Task statement — The copy must match the data word for word and contain no pictures.
******
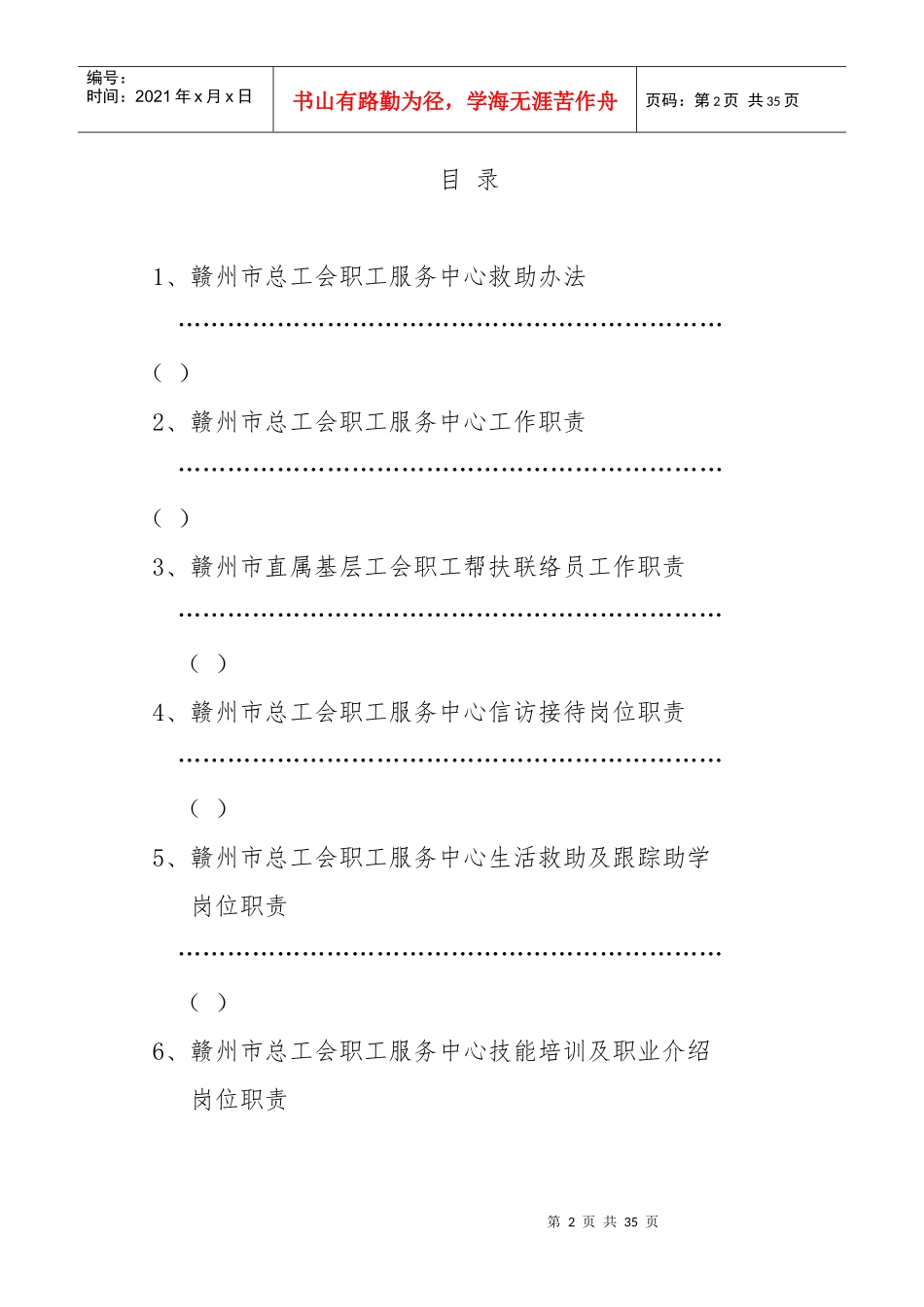 职工服务中心制度汇编_第2页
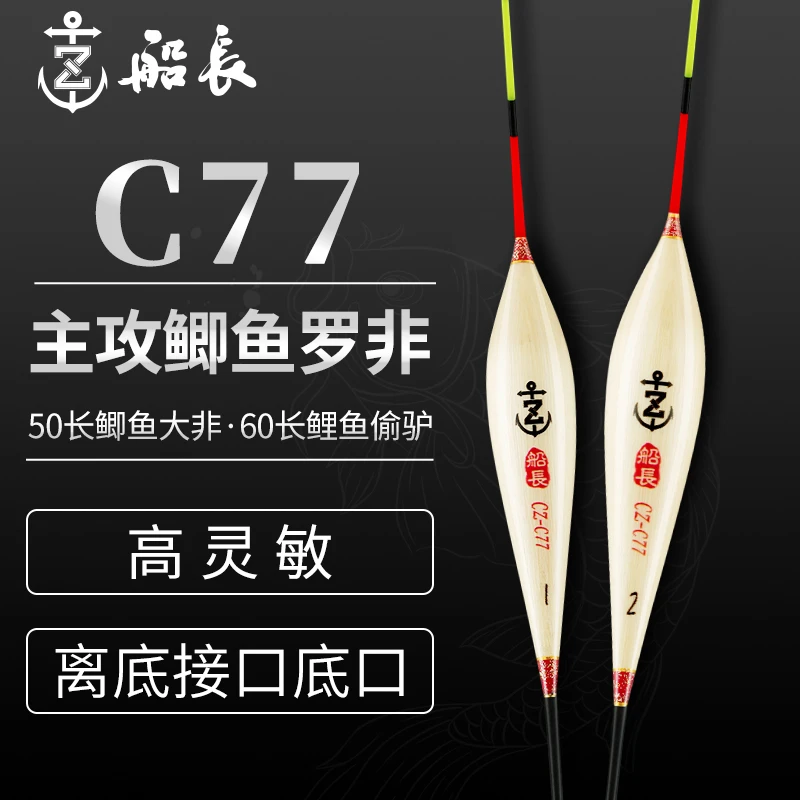 【双11好物】船长浮漂C77鲫鱼漂手工芦苇高灵敏行程醒目清晰鱼漂
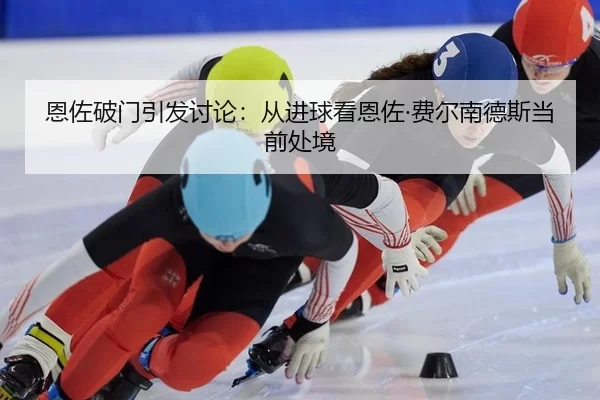 en-zuo-po-men-yin-fa-tao-lun-cong-jin-qiu-kan-en-zuo-fei-er-nan-de-si-dang-qian-chu-jing-2-717.jpg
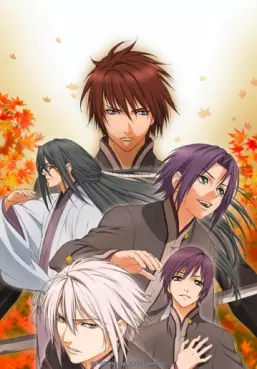 Hiiro no Kakera : The Tamayori Princess Saga - Saison 1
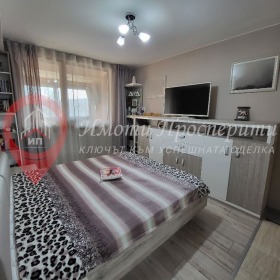 ������� 3-����� | Imot.bg � ����� ������ 2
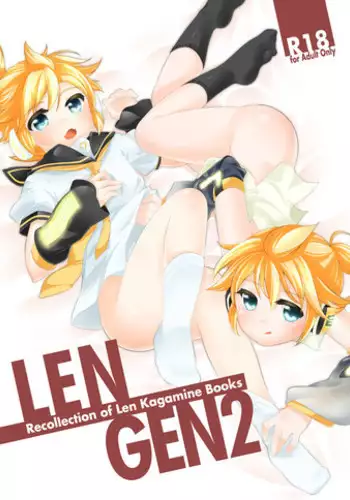 [O-Mars (Mars)] LEN*GEN2 (Vocaloid) [Digital]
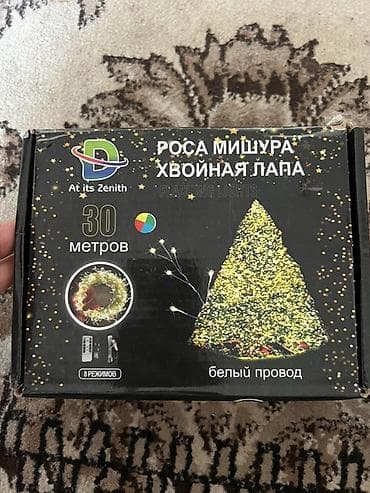 гирлянда теплый свет: Гирлянда «Роса/Мишура Хвойная лапа» с пультом ДУ - Длина: 30 метров — 4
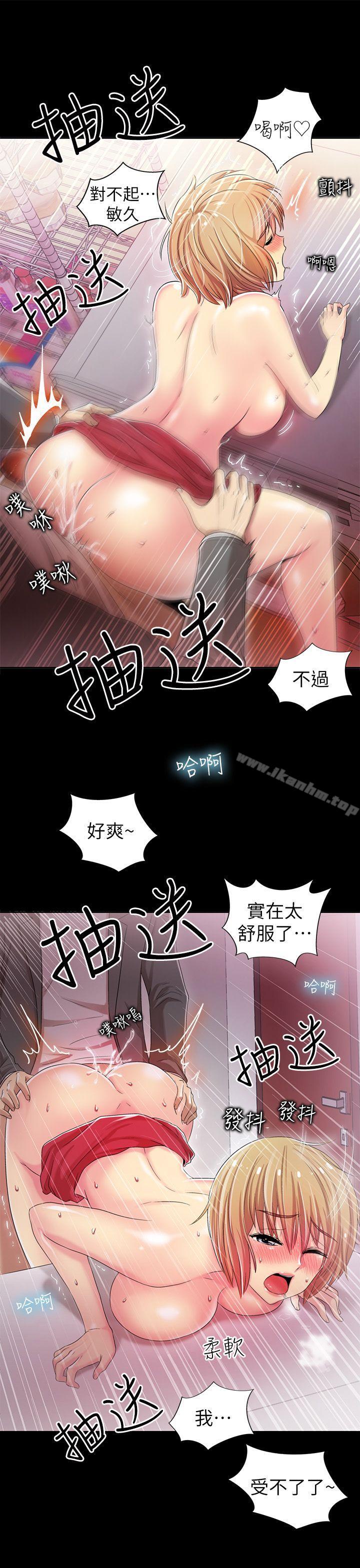 激情開麥拉 在线观看 第6話 漫画图片32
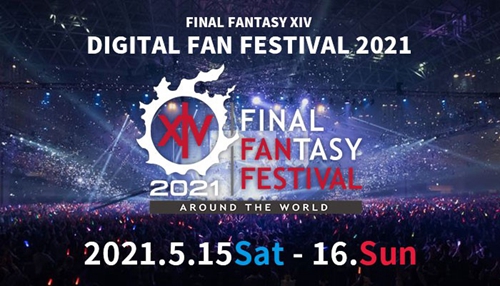 《最终幻想14》今日更新5.41  Fanfest2021转播抽奖送LV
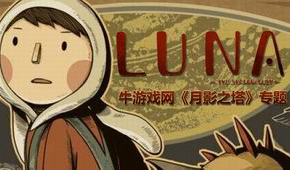 月影之塔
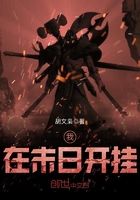 我在末日開掛在線閱讀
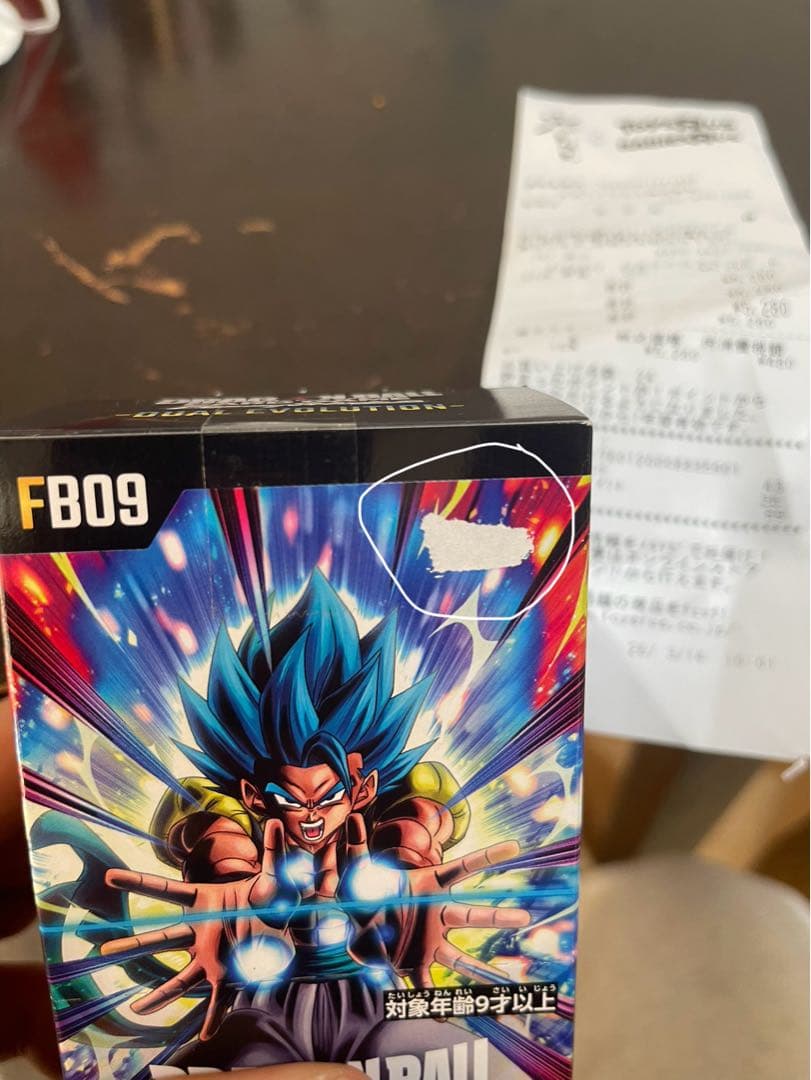 ドラゴンボールカードゲーム FB09 DUAL EVOLUTION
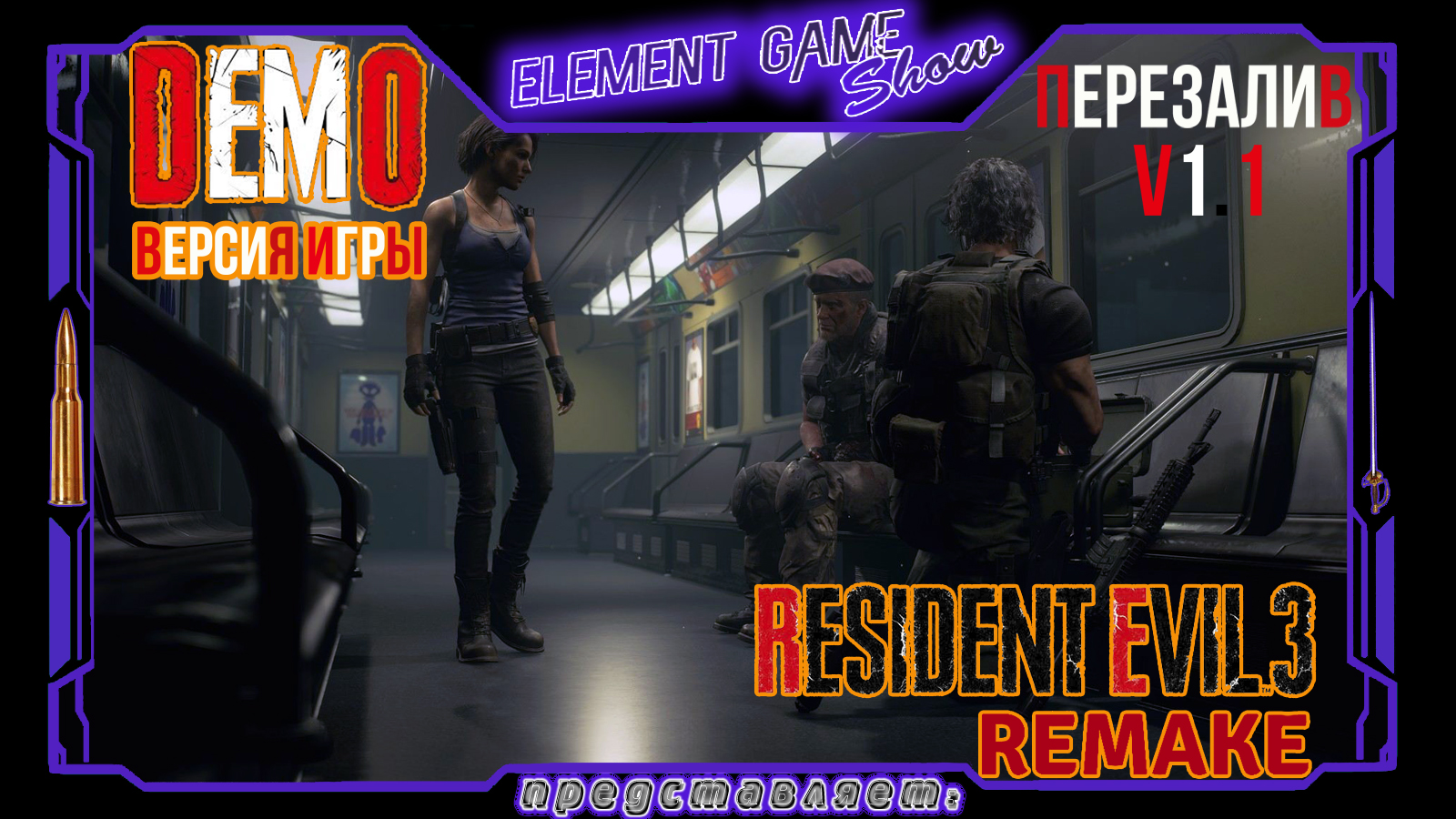 Ⓔ Resident Evil 3 Remake Demo Ⓖ Прохождение Демки (2 часть) Ⓢ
******
Your solution —
 职工服务中心制度汇编_第2页
 【双11好物】船长浮漂C77鲫鱼漂手工芦苇高灵敏行程醒目清晰鱼漂
 en-zuo-po-men-yin-fa-tao-lun-cong-jin-qiu-kan-en-zuo-fei-er-nan-de-si-dang-qian-chu-jing-2-717.jpg
 Hiiro no Kakera : The Tamayori Princess Saga - Saison 1
 ������� 3-����� | Imot.bg � ����� ������ 2
 [O-Mars (Mars)] LEN*GEN2 (Vocaloid) [Digital]
 гирлянда теплый свет: Гирлянда «Роса/Мишура Хвойная лапа» с пультом ДУ - Длина: 30 метров — 4
 激情開麥拉 在线观看 第6話 漫画图片32
 《最终幻想14》今日更新5.41  Fanfest2021转播抽奖送LV
 月影之塔
 我在末日開掛在線閱讀
 ドラゴンボールカードゲーム FB09 DUAL EVOLUTION
 Ⓔ Resident Evil 3 Remake Demo Ⓖ Прохождение Демки (2 часть) Ⓢ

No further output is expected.